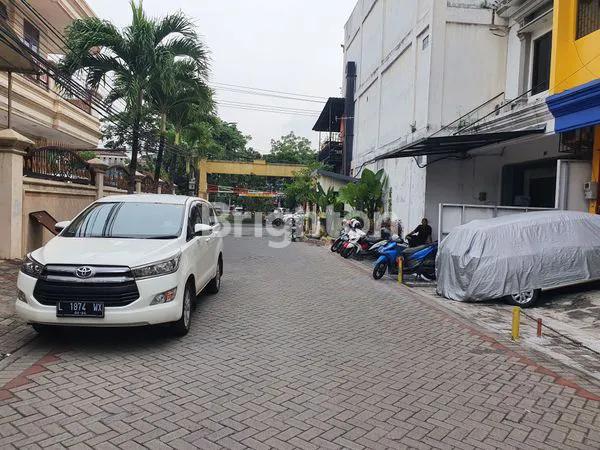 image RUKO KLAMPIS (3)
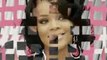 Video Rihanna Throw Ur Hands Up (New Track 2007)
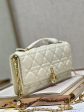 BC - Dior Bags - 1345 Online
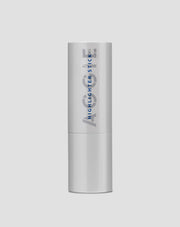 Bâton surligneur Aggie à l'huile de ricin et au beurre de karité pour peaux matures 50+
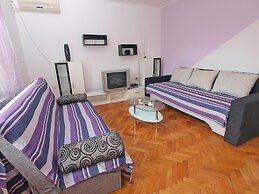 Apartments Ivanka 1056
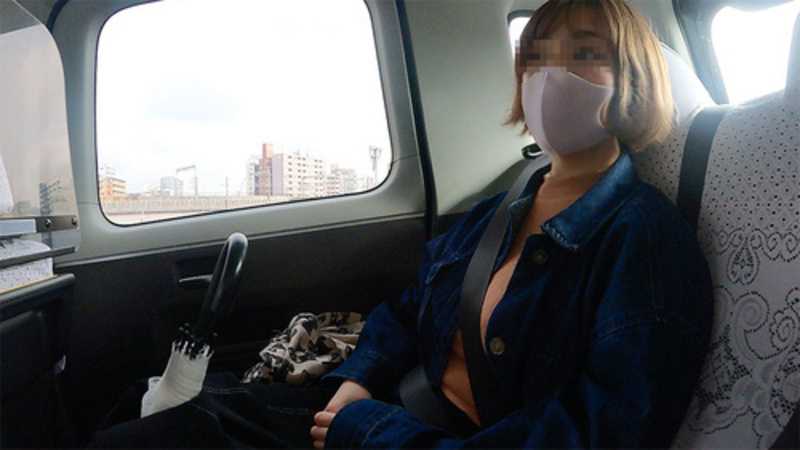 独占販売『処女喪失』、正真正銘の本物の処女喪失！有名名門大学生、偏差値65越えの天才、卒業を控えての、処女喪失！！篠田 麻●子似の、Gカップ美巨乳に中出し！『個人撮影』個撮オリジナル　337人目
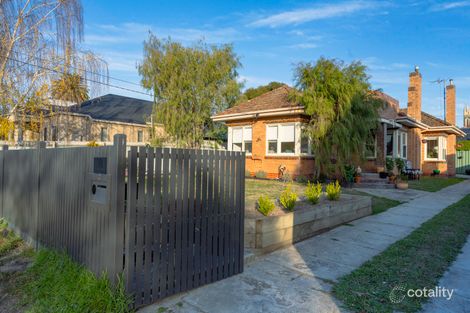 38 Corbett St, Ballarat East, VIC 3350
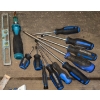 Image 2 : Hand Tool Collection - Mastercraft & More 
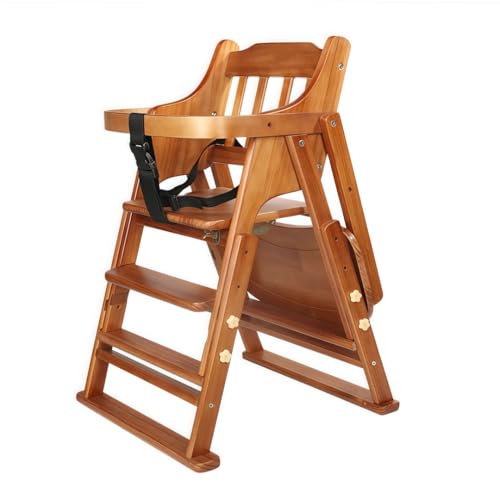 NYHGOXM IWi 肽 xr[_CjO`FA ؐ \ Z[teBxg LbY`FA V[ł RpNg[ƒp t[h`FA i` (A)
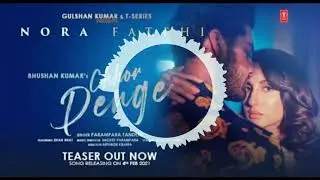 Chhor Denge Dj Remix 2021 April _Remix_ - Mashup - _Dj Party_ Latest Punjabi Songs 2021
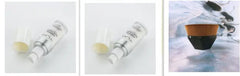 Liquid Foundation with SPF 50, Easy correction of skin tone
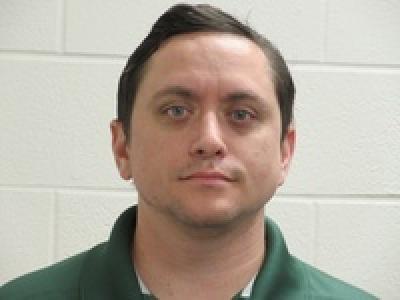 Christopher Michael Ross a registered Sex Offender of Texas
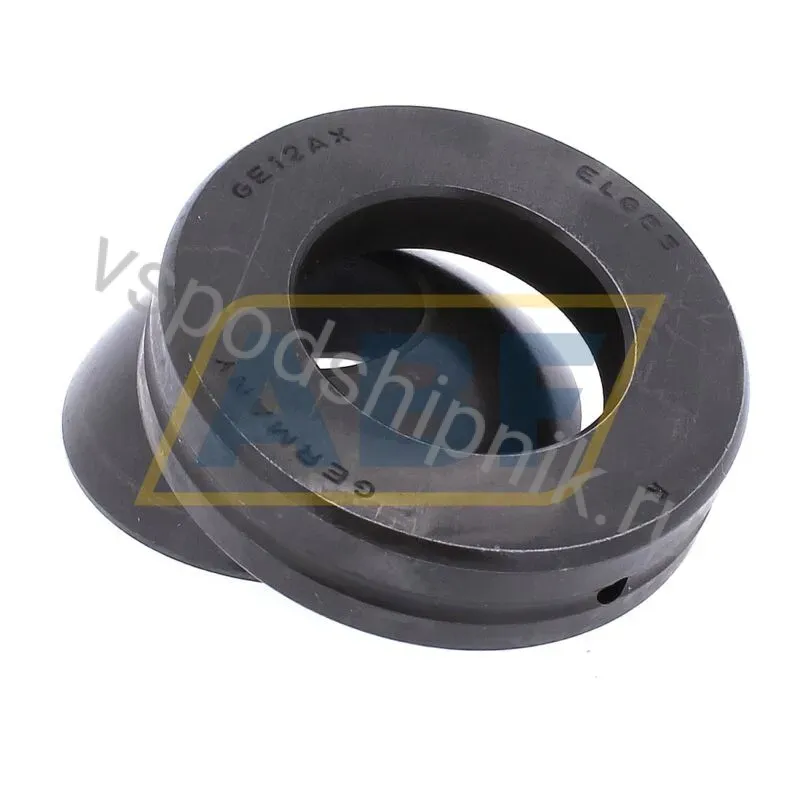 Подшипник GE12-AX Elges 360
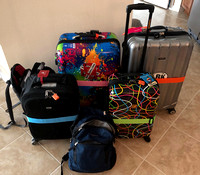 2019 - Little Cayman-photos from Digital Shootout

# # # # #

**Requirement:**
All of the entries above must be reproduced exactly, and no image may be included.

**Problem solution:**
 image RUKO KLAMPIS (3)
 Video Rihanna Throw Ur Hands Up (New Track 2007)
 BC - Dior Bags - 1345 Online
 Bâton surligneur Aggie à l'huile de ricin et au beurre de karité pour peaux matures 50+
 Apartments Ivanka 1056
 独占販売『処女喪失』、正真正銘の本物の処女喪失！有名名門大学生、偏差値65越えの天才、卒業を控えての、処女喪失！！篠田 麻●子似の、Gカップ美巨乳に中出し！『個人撮影』個撮オリジナル　337人目
 38 Corbett St, Ballarat East, VIC 3350
 Image 2 : Hand Tool Collection - Mastercraft & More 
 NYHGOXM IWi 肽 xr[_CjO`FA ؐ \ Z[teBxg LbY`FA V[ł RpNg[ƒp t[h`FA i` (A)
 Chhor Denge Dj Remix 2021 April _Remix_ - Mashup - _Dj Party_ Latest Punjabi Songs 2021
 Liquid Foundation with SPF 50, Easy correction of skin tone
 Christopher Michael Ross a registered Sex Offender of Texas
 Подшипник GE12-AX Elges 360
 2019 - Little Cayman-photos from Digital Shootout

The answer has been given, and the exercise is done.